There are several problems with the player names that we need to fix, in order to create a tidy data frame:
Missing data should be represented by NAs, instead of explanations such as “started in 1905”, “tournament not created”, “World War I”, etc.
HTML tags (for national flags) should be removed
Other special characters such as footnotes, asterisks, etc. should be removed.
# basic data cleaning for player names
# (a) replace with NA the following entries:
# - starting with "tournament" or "Tournament"
# - starting with "started", "Started"
# - starting with "world", "World"
# - starting with "France", "Open", "Amateur"
# (b) remove html tags and other special characters, etc. (anything not alphanum, space or punctuation)

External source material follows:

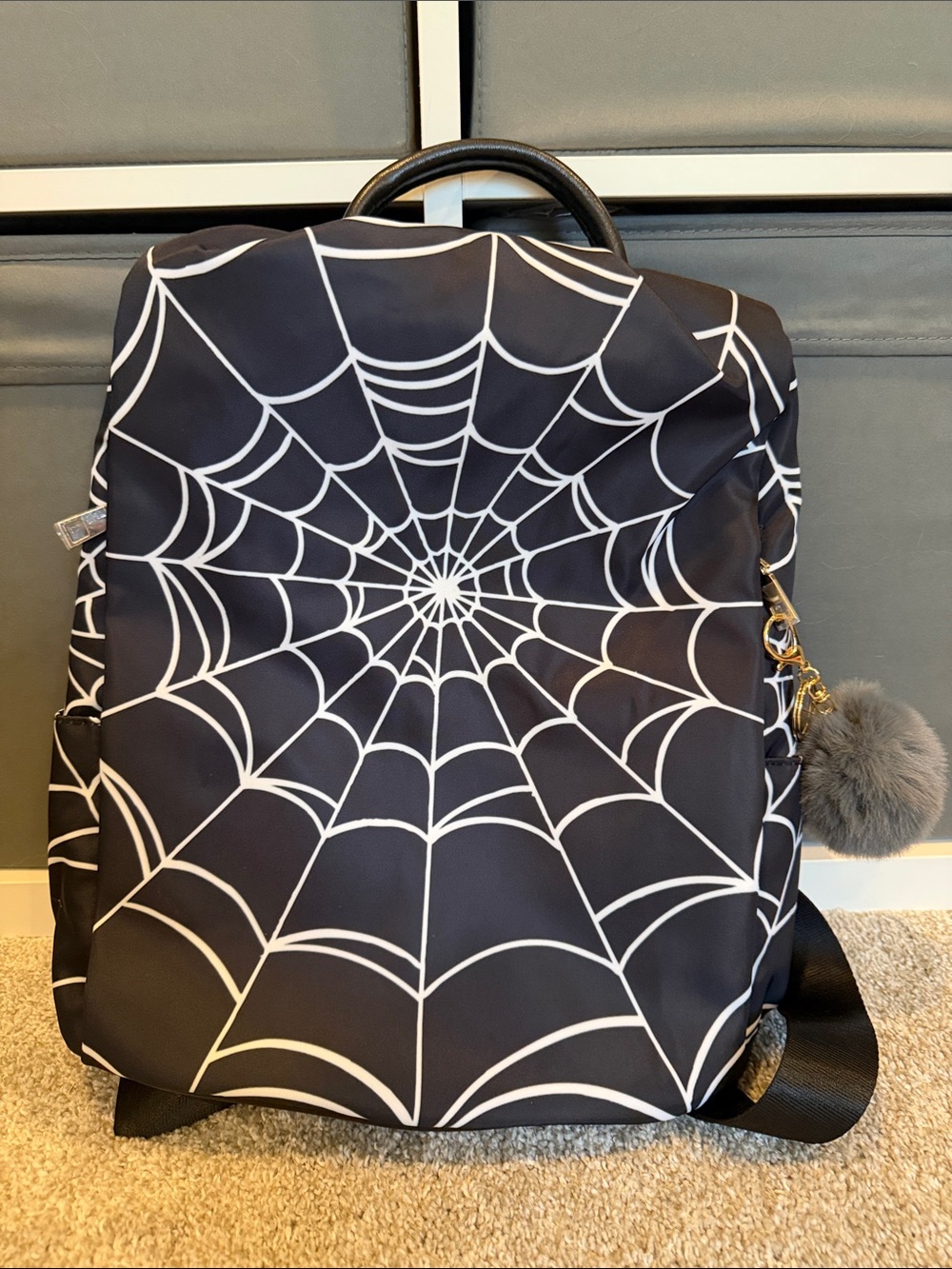 Black Spiderweb Print Backpack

# (c) remove ending (m/n) and asterisks
# regular expressions for str_replace_all function
repl <- c("^[Tt]ournament.*" = NA_character_,
"^[Ss]tarted.*" = NA_character_,
"^[Ww]orld.*" = NA_character_,
"^France.*" = NA_character_,
"^Open.*" = NA_character_,
"^Amateur.*" = NA_character_,
"[^[:alnum:]\\s[:punct:]]" = "",
"(\\(.+\\))*(\\*)*$" = ""
)
df1$Player <- df1$Player %>% str_replace_all(repl)
tail(df1, 20)
## # A tibble: 20 x 3
## Year Tournament Player
## <int> <chr> <chr>
## 1 1999 US Andre Agassi
## 2 2000 US Marat Safin
## 3 2001 US Lleyton Hewitt
## 4 2002 US Pete Sampras
## 5 2003 US Andy Roddick
## 6 2004 US Roger Federer
## 7 2005 US Roger Federer
## 8 2006 US Roger Federer
## 9 2007 US Roger Federer
## 10 2008 US Roger Federer
## 11 2009 US Juan Martn del Potro
## 12 2010 US Rafael Nadal
## 13 2011 US Novak Djokovic
## 14 2012 US Andy Murray
## 15 2013 US Rafael Nadal
## 16 2014 US Marin ?ili?
## 17 2015 US Novak Djokovic
## 18 2016 US Stan Wawrinka
## 19 2017 US Rafael Nadal
## 20 2018 US Novak Djokovic
This is looking much better now. However, there’s still a problem, in that country information is included for some players the first time the player appears on the list. This country information, if it’s complete for all players, may be useful. Let’s separate out the country information into a separate table, and then join the available country data with the player names.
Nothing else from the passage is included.